Adobe Photoshop Touch does an impressive job of bringing features from the leading desktop imaging application to the iPad. And as its name suggests, not only do you image tools that have made Photoshop famous, but the app makes ground-breaking use of the iPad's multitouch interface. With the latest update, the $9.99 app now supports the new iPad's Retina display, as well as larger image sizes?up to 12 megapixels. It also adds a couple new effects, such as"pixel nudging" for better precision, smoother animation, and support for iCloud Photo Stream.
Adobe has no shortage of mobile apps: First we saw Photoshop.com Mobile, a free, basic photo editor and enhancer that later became Photoshop Express. Next came Carousel, later renamed to Revel, and then came some tablet apps designed to work with Photoshop on the desktop. ?In all, the company at this point offers 18 different mobile apps, and was even cited back in 2009 by Gartner as a visionary for its mobile consumer app strategy. But as the mobile version of the company's flagship app, Photoshop Touch has a special place in this constellation of mobile apps.
Given the depth, power, and complexity of the desktop version of Photoshop, you may be surprised by the number advanced features that make it into Photoshop Touch?including Clone Stamp, Layers, Magic Wand, and even Curves. Perhaps even more surprising is how easy these features are to use on a tablet, thanks to Adobe's smart use of the touch interface. I tested the app on a new Apple iPad (it requires an iPad 2 or later and iOS 5 or later), but it's also available for tablets running Android 3.1 and later.
Getting Started
Right off the bat, Photoshop Touch comes to your aid by offering full, clear, helpful tutorials on the start screen. There are 15 in all, covering topics such as "Add a dramatic flare," "Paint with effects," "Add people to images," and "Drop Shadow Text." The one I tried first called "Clean up a background," has you remove a distracting person in the background so that it doesn't distract from your subjects. The technique uses some familiar Photoshop tools, though in a newfangled mobile interface.
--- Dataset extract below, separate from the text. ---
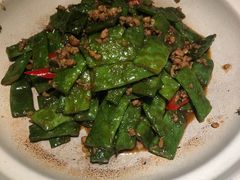 -弄堂里·寻味杭州(湖滨银泰in77C区店)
Adobe somehow manages to smush a wealth of these tools and controls into the limited space of a tablet screen, while still maintaining a neat, uncluttered appearance. The interface sports some familiar options along a left-edge toolbar?Marquee selection box, Lasso selection, Magic Wand, brushes, Clone stamp, eraser, and Blur tool. An arrow at the bottom lets you hide the toolbar, touching an icon flies out related tools, and tapping on an icon moves it to the top and fills the toolbar with options for the selected tool.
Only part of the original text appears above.